◆ Supplied data:
* * * * * * *

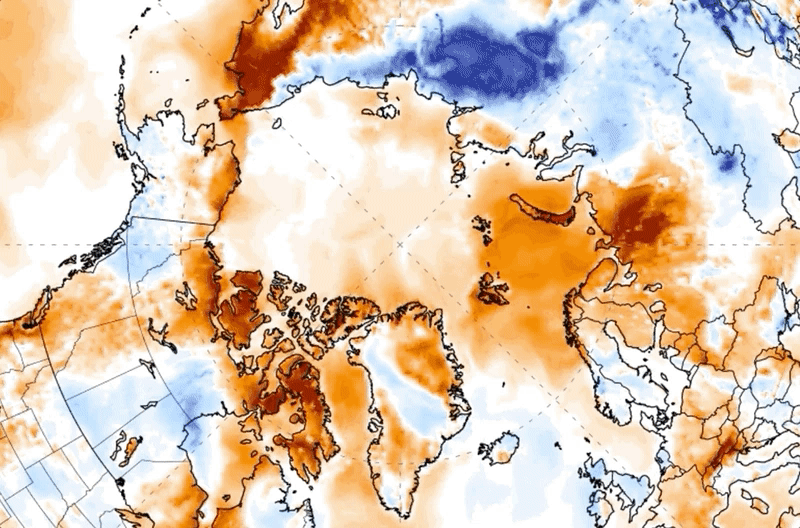 北極、記録的暑すぎ問題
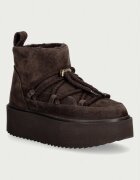 Inuikii Classic Low Platform cizme de zăpadă pentru femei din piele întoarsă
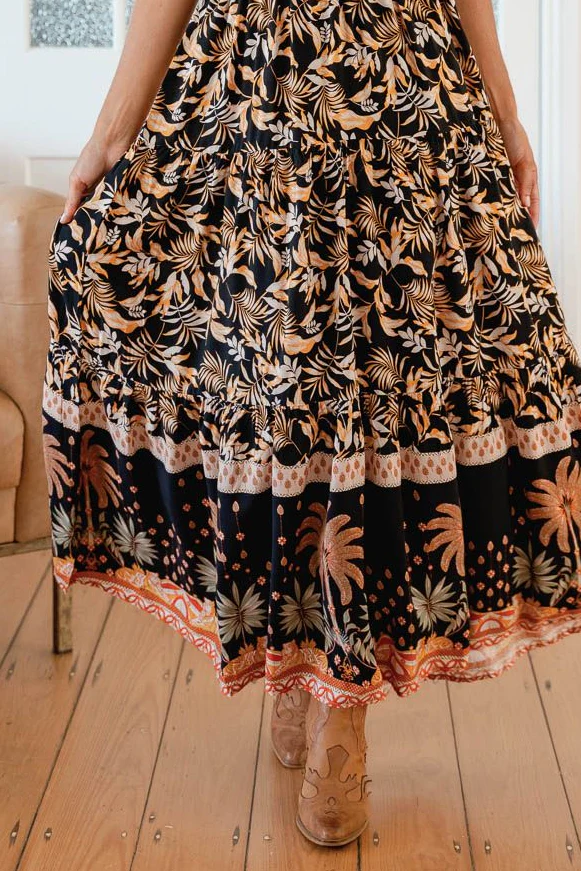 Jaase Bambi Maxi Dress with Adjustable Strap Shirred Back - Jardin - Image 7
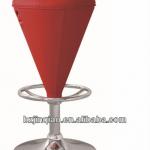 Conical-design PU bar stool JQ-36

* * * * * * *

◆ What you need to do: Your response must reproduce the listing above word for word and must contain none of its pictures.

◆ Answer for this exercise:
 北極、記録的暑すぎ問題
 Inuikii Classic Low Platform cizme de zăpadă pentru femei din piele întoarsă
 Jaase Bambi Maxi Dress with Adjustable Strap Shirred Back - Jardin - Image 7
 Conical-design PU bar stool JQ-36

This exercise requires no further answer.